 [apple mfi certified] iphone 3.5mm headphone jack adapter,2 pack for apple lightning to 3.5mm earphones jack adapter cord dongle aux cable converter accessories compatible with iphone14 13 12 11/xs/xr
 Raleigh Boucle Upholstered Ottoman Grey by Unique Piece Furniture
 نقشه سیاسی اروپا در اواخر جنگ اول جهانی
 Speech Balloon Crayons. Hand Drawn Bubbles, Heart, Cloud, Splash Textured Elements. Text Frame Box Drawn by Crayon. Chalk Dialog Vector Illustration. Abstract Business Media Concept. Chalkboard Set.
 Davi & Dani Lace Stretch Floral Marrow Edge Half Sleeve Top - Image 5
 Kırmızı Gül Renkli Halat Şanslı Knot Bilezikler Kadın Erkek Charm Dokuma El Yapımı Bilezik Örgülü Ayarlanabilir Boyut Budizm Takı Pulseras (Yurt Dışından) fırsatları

========

Since only part of the listing is wanted, copy exactly the lines from the one holding "Raleigh Boucle Upholstered" to the one holding "نقشه سیاسی اروپا در اواخر جنگ اول جهانی", both included.

SOLUTION TO THIS EXERCISE >>
 Raleigh Boucle Upholstered Ottoman Grey by Unique Piece Furniture
 نقشه سیاسی اروپا در اواخر جنگ اول جهانی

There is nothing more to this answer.